Calculations which affect just about everything sped up a billion times
The issues are enormous, the implications profound. What we’re being told is incredibly exciting. But some really important questions seem to have been left unanswered
What unarguably appears to be a massive breakthrough in computational power has just been announced by a team of computer scientists from Carnegie Mellon University. You’d have some serious difficulty in finding an aspect of our lives that this announcement won’t affect.
Examples of what this development does affect include everything from transportation, energy, telecoms, manufacturing, computer graphics, imaging, scheduling and logistics. They even include suggesting your next Netflix movie.
There are no obvious credibility problems for this story. The previous holder of the speed record for solving the problem in question is among those lavishing praise upon the achievement in no uncertain terms: “There is no other algorithm that runs at even close to this speed. In fact, it’s impossible to design an algorithm that will be too much faster” says Professor Daniel Spielman of Yale University (a former student of Professor Gary Miller, the new record holder) .
But as far as I can tell, some important questions do not seem to have been addressed, either in the announcement, or in the paper which it announces. This is a new algorithm. Where is the computer program that demonstrates it and allows us to compare its performance with what it supersedes?
How come such an important development in computer science can be made without a demo that we can see? Sure, I can imagine that there might be a perfectly good justification for this omission. But it looks to me as if it is curiously absent from what has been released so far. If there is a good reason why there isn’t a demo, we’d like to know what it is.
Another question is concerning the speed up itself. That speed-up factor of a billion times is in comparison with a 2,000 year old method of doing the relevant calculations. Spielman’s speed record from 2006 is, I’m sure much faster than the ancient method, but it is not at all clear (except in obscure terms unintelligible to the non-mathematician) how much faster Gary Miller’s Carnegie Mellon approach will be than Spielman’s.
It is as if (and yes, my comparison is pretty clumsy and over the top here, perhaps you can do better) a new car with a record-breaking top speed was being announced, but when asked what the speed was going to be, we were being told that it was going to be remarkably faster than a horse. Having said that, this announcement unquestionably looks mind-bogglingly exciting: “it may soon be possible for a desktop workstation to solve systems with a billion variables in just a few seconds”. I just don’t know how much faster that new capability will be when compared to what I can do at the moment, using what we have now.
Something tells me it will be much, much faster. Perhaps just not quite a billion times faster.

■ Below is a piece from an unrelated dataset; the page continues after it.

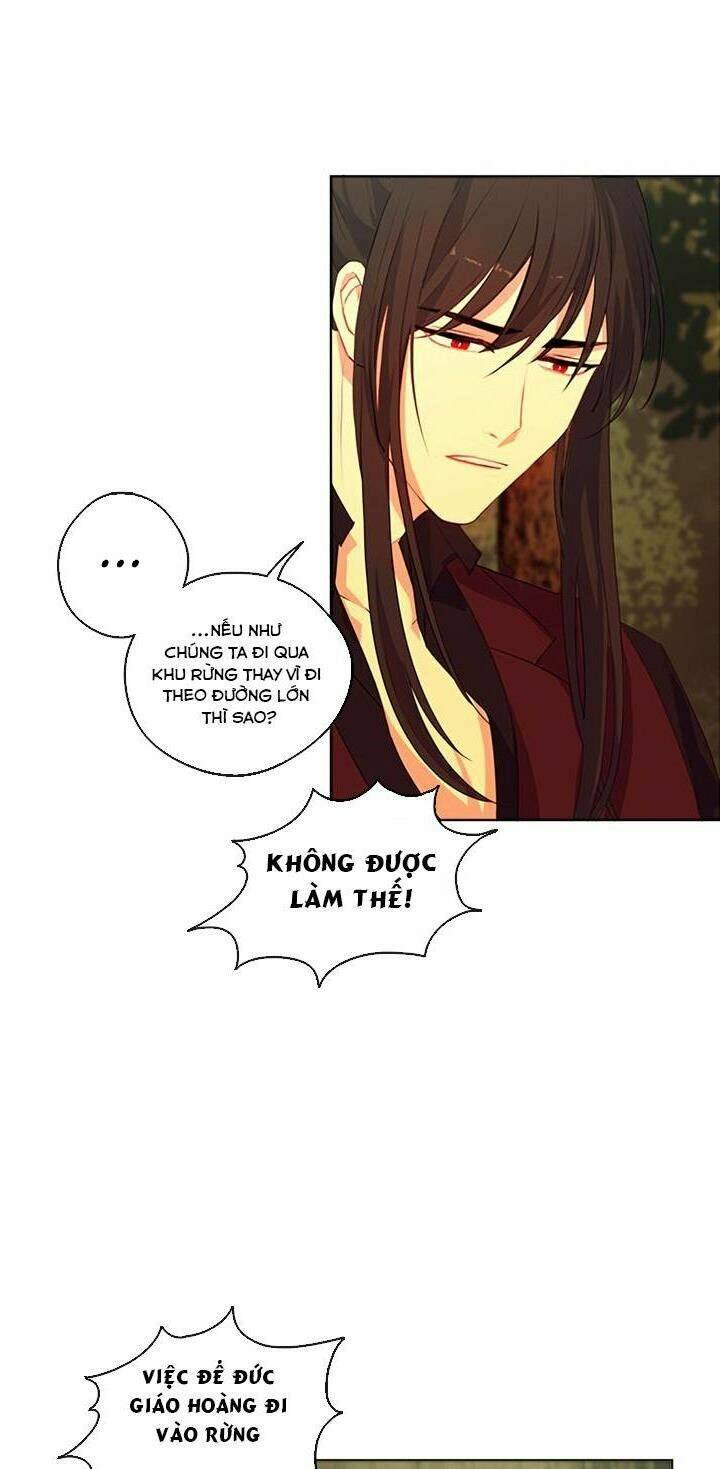 CỘNG TÁC CỦA HOÀNG ĐẾ: Chapter 38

Don’t get me wrong, the press release is actually pretty exemplary, presenting the story in a refreshingly crisp, clear and objective way. It was just that this is such an awesome-sounding announcement that I needed to know even more. It’s probably just me. Maybe I’m expecting too much.
Here’s the announcement. It’s on the Carnegie Mellon University website. I’ve only included the beginning here. You can read the rest of it on their page, here. Carnegie Mellon Researchers Break Speed Barrier In Solving Important Class of Linear Systems.
Computer scientists at Carnegie Mellon University have devised an innovative and elegantly concise algorithm that can efficiently solve systems of linear equations that are critical to such important computer applications as image processing, logistics and scheduling problems, and recommendation systems. The theoretical breakthrough by Professor Gary Miller, Systems Scientist Ioannis Koutis and Ph.D. student Richard Peng, all of Carnegie Mellon’s Computer Science Department, has enormous practical potential.
Linear systems are widely used to model real-world systems, such as transportation, energy, telecommunications and manufacturing that often may include millions, if not billions, of equations and variables. Solving these linear systems can be time consuming on even the fastest computers and is an enduring computational problem that mathematicians have sweated for 2,000 years.
The Carnegie Mellon team’s new algorithm employs powerful new tools from graph theory, randomized algorithms and linear algebra that make stunning increases in speed possible. The algorithm, which applies to an important class of problems known as symmetric diagonally dominant (SDD) systems, is so efficient that it may soon be possible for a desktop workstation to solve systems with a billion variables in just a few seconds. The work will be presented at the annual IEEE Symposium on Foundations of Computer Science (FOCS 2010), Oct. 23-36 in Las Vegas.